Winter breaks in the past have personally consisted of family I don’t actually want to see, copious amounts breakfast burritos and good ol’ fashioned video games. All that free time often leads to looking ahead, this time to 2015, and to daydreaming about some of the new and exciting games being released in the year to come.
The Witcher 3: Wild Hunt
From Polish developer CD Projekt Red comes the open-world action roleplaying game The Witcher 3: Wild Hunt, the third entry into CD Projekt’s Witcher trilogy.
If you’re unfamiliar with The Witcher, think gory, mature fantasy in the vein of Game of Thrones but with a heavy dose of Slavic and Polish mythology.

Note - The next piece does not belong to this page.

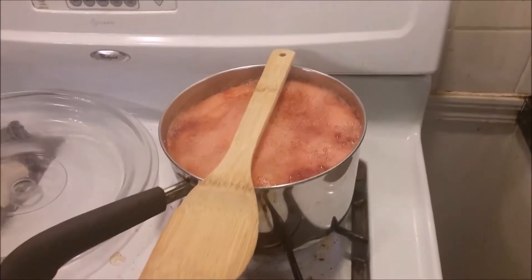So this is almost done now. Once your cranberry sauce has boiled and they all look mostly popped, you turn it down to low and let it simmer. Then you turn it off after you think it's done.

Following 2011’s sublime The Witcher 2: Assassins of Kings, The Witcher 3 will follow the series’ returning protagonist, the white-haired Geralt of Rivia as he deals with The Wild Hunt, a sort of Grim Reaper-esque force within The Witcher’s mythos.
Geralt must also grapple with the return of Ciri and Yennifer, playable characters who have not yet appeared in any of CD Projekt’s earlier games but are featured heavily in the novels the games are based on, written by Andrezj Sapkowski.
A departure from the previous entries in the series, The Witcher 3 will be open-world, akin to The Elder Scrolls V: Skyrim with a huge and beautiful world begging to be explored.
CD Projekt will continue the story established in the previous games in their morally-ambiguous way, promising an adaptive and “unparalleled novel-like story, spanning over 100 hours of gameplay.”
The developer claims the game will feature 36 separate endings, corresponding with the choices the player makes throughout the story. For an roleplaying junkie like myself, this game is definitely one to keep an eye out for.
The Witcher 3: Wild Hunt will be released for Playstation 4, Xbox One, and PCs on May 24, 2015 and will be published by WB Games in North America.
No Man’s Sky
Developed by the British developers, Hello Games, No Man’s Sky is an upcoming space-simulator focused on exploration and survival in a procedurally-generated galaxy that is presumably populated with other players.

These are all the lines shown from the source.